Employees are free to leave or choose not to seek employment there. The dues in question were collectively bargained with the union(s) by the employer so it became a condition of employment. Meanwhile the law in Connecticut disallows certain employees like those in the Legislative Branch from unionizing. A ban on collective bargaining seems like more of a violation of freedom of speech and assembly than does negotiated union dues. So was Janus due to conservative beliefs or an originalist view of the Constitution?

When the court gets illegitimately involved in political matters and illegitimately making liberal public policy for decades, there is bound to be a backlash that is not wholly driven by objectivity or a return to strict originalism. The fact that a court is considered liberal or conservative is a sign that there is a problem with how the system is working. Such a distinction has no place on courts where parties go expecting objective, apolitical rulings.
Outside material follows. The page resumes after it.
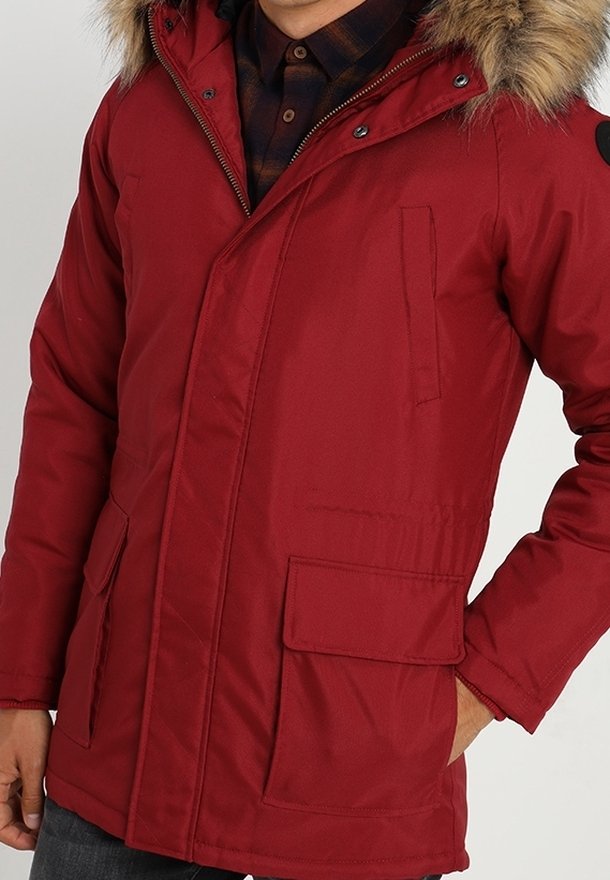 Chaqueta parka aislada roja con capucha de piel sintética, que cuenta con dos bolsillos delanteros y cierre de cremallera. Tela texturizada con acabado mate.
Since the 1973 Roe v. Wade decision, reported abortions grew from 745,000 to a peak of 1.6 million in 1990 to 862,000 in 2017 (the latest figures reported by the Guttmacher Institute). It is hard to know what the abortion level was before Roe since state abortion law varied with it being illegal in 30 states and legal under certain circumstances in 20 states but it is safe to assume that abortion increased. And by eyeballing the Guttmacher graph of the historical numbers, abortions look to total somewhere around 50 million since 1973, which is significant. I think it is also safe to be confident that the vast majority of average Americans 1) don’t think there is a person/life difference between a fetus seconds away from exiting the womb and the baby that emerges and 2) understand that the various burdens of pregnancy fall almost exclusively on women and that women have a right to self-determination.

When a fetus becomes a human life/person along with balancing intrusions on women’s freedom is where the abortion debate should be centered. Such a complex, penultimately impactful issue requires more than average attention and open-minded thought. Having to wade through the distortions and mischaracterizations, along with strategically and liberally applied demonization, makes an already difficult policy formulation task almost overwhelming.

But the political machine doesn’t want you to see or think clearly and independently. They want domination – objective analysis be damned. There seems little sign that these dynamics will change.

Alan Calandro is an unaffiliated voter and former Director of Connecticut’s nonpartisan legislative Office of Fiscal Analysis.